Exercise instructions >>
Starting at the line that holds "Chenille à paillettes", reproduce each line exactly up to and including the last line of the records below. Pictures stay out.

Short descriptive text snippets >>
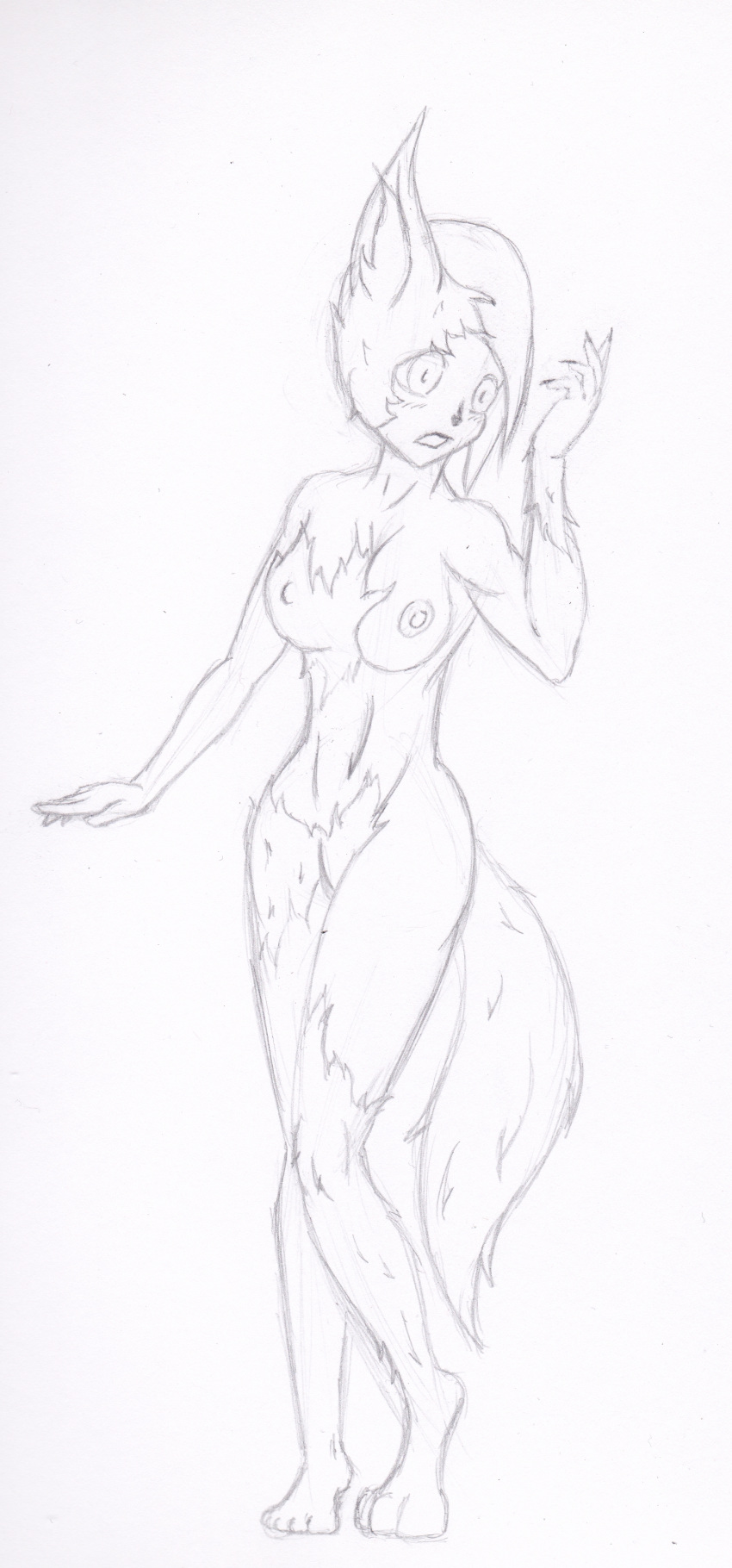 2019 absurd_res blush breasts canid female fur hair hi_res human mammal monochrome nipples nude open_mouth simple_background sketch solo transformation tunrae
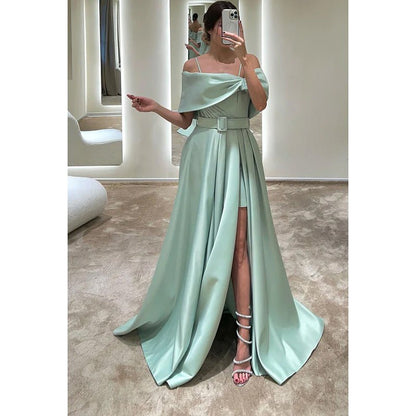 NumberSea - A - Line Off - Shoulder Satin Belt Split Prom Evening Formal Dress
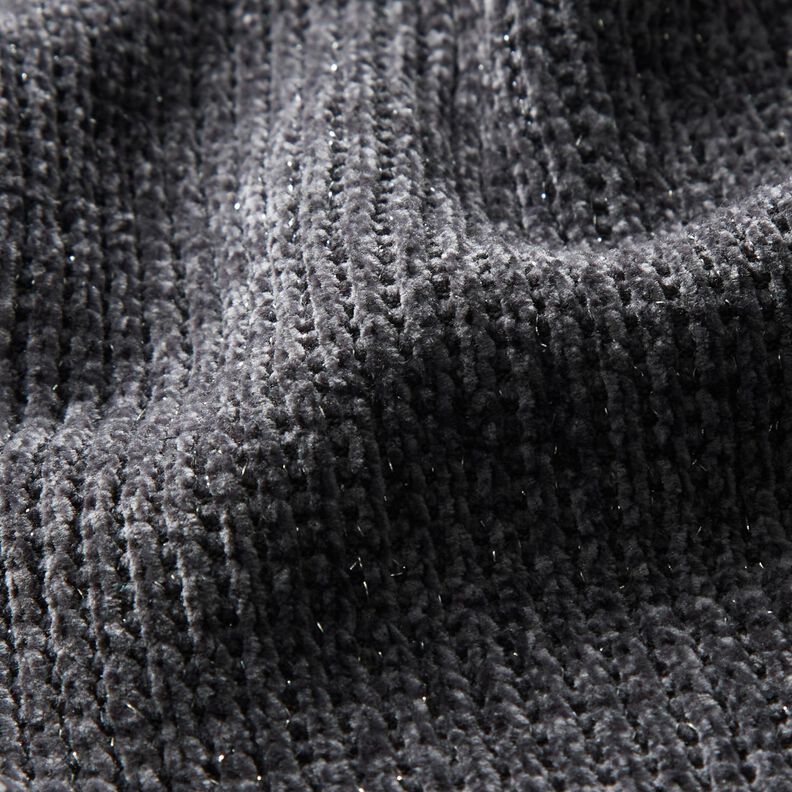 Chenille à paillettes – gris schiste/argent métallisé,  image number 2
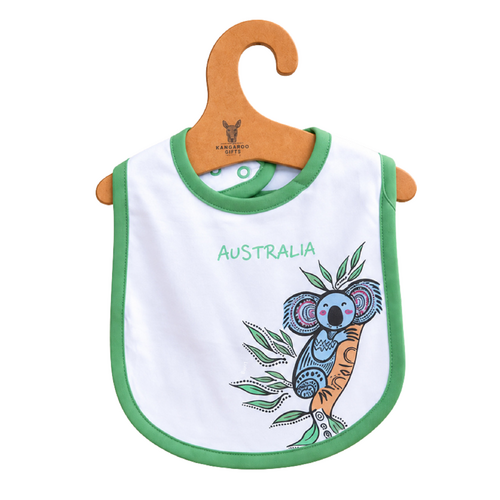 Coolah the Koala [Green]  Aboriginal design Cotton Baby Bib - Muralappi Dreamytime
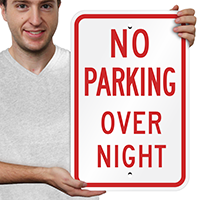 No Parking Overnight Signs
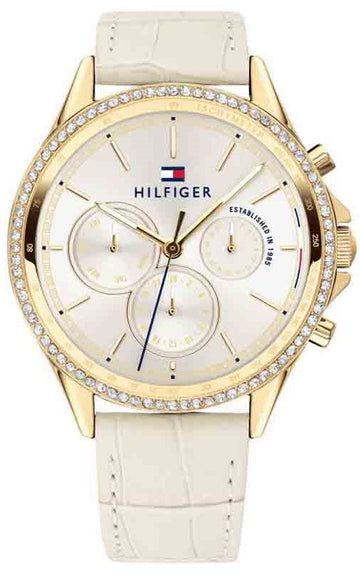  Shop Authentic Tommy Hilfiger Ari Diamonds White Dial Cream Leather Strap Watch for Women - 1781982 - Luxxuri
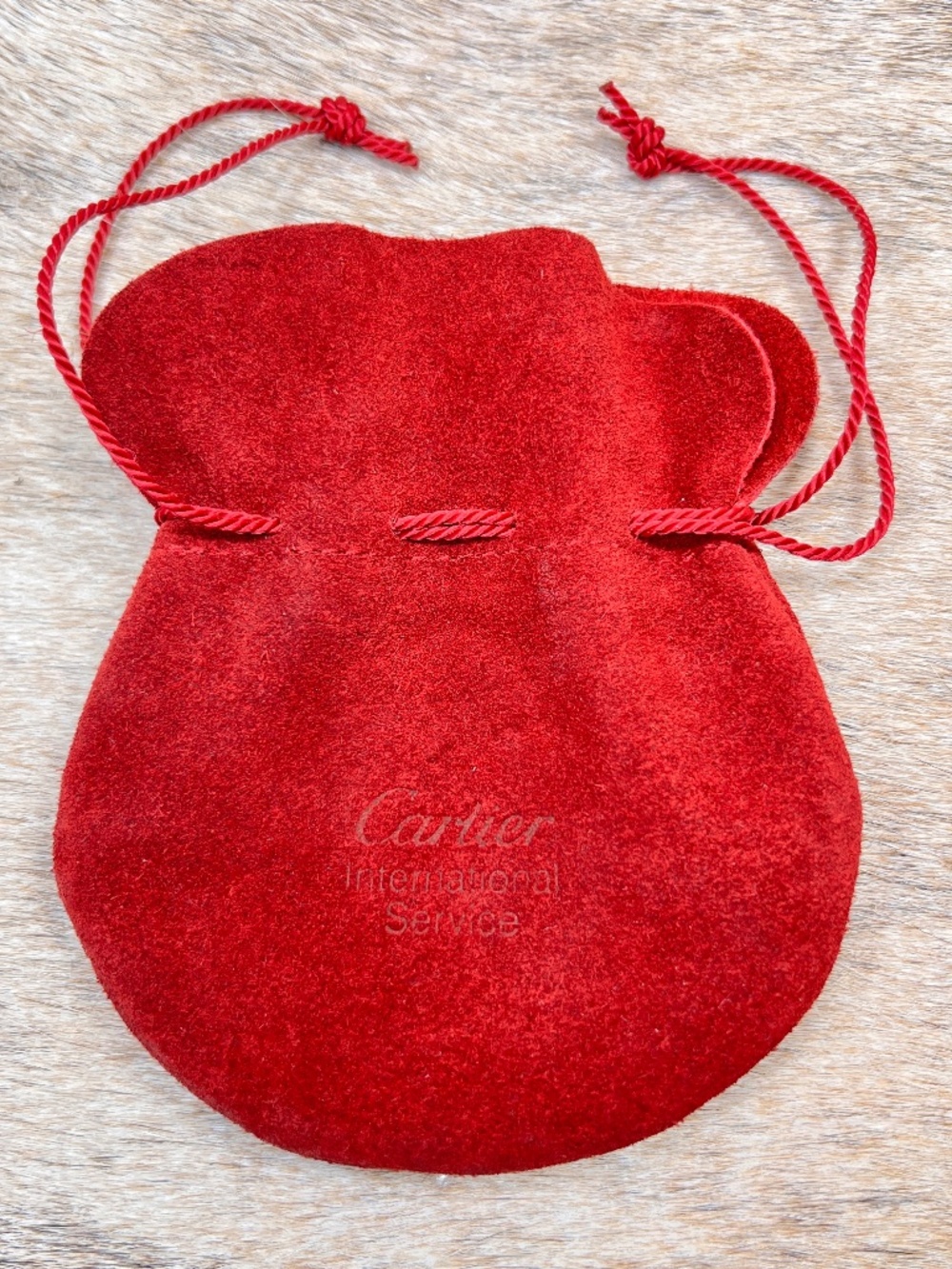 Red Cartier Suede International Service Travel Pouch Dust Bag With Drawstring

Answer to this problem >>
 Chenille à paillettes – gris schiste/argent métallisé,  image number 2
 Coolah the Koala [Green]  Aboriginal design Cotton Baby Bib - Muralappi Dreamytime
 No Parking Overnight Signs
  Shop Authentic Tommy Hilfiger Ari Diamonds White Dial Cream Leather Strap Watch for Women - 1781982 - Luxxuri
 Red Cartier Suede International Service Travel Pouch Dust Bag With Drawstring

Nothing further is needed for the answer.